Walk 18 – Karkloof Conservation Centre
There are dozens of crowned cranes in the fields around the Karkloof Conservation Centre in winter, and blue cranes, and wattled cranes too. Hundreds of water fowl and other birds too. Such a delight on our doorstep. It is an easy stroll to get to the hides and a very popular outing for Howick birders. The Gartmore Hide has views of spectacular sunsets and is a great spot to take photos (or enjoy sundowers). The Loskop Hide is on the edge of a pan and here, in the early evening, masses and masses of birds arrive to roost. It is a spectacular sight.
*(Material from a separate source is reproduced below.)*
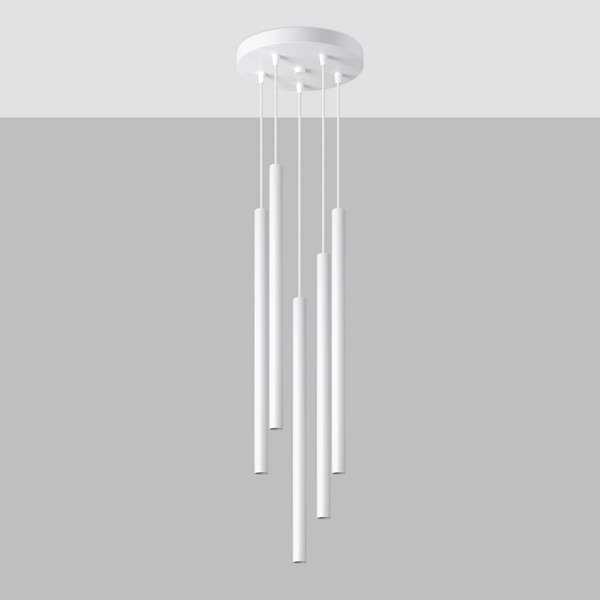 Zwisająca lampa kaskadowa Pastelo SL.1175 sople biała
If you haven’t visited before, it costs R30. If you want to go at peak birdwatching times (R50), you need to book so that social distancing is ensured in the hides. email@example.com
Walk 19 – Inhlosane
My 59th birthday was spent exploring my favourite hill – Inhlosane. I have walked here often, in Winter, in Summer, with a crowd, or on my own. This iconic hill is visible from just about anywhere in the Midlands. At 1976 metres above sea level, it is one of the highest peaks before the Drakensberg – which can be clearly seen from the top.
The shape of the hill, viewed from the east, inspired its name which means the ‘developing breast of a young girl’. During the Bambatha Rebellion, Inhlosane was the furthest point that Bambatha’s men came – their cries from the top of the peak chilling the blood of the pioneer settlers in the valley. In 1945 a big fire was lit on the peak of Inhlosane to celebrate the end of World War 2.
The last part of the ascent to the ridge is very steep through large dolerite boulders. Grassland flowers are splendid during summer, including swathes of pink Watsonia and blue Wahlenbergia. In winter the honey fragrance of Buddleja is a treat. Buddleja loricata occurs here – I have only ever seen in the Drakensberg before. Baboons and Natal Red Rock Rabbits are often seen on the slopes.
The trail from Mount Park Guest Farm is lovely – through forest and grassland and onto the ridge. It costs R50 and there is a self service cup of tea at the end if you need it.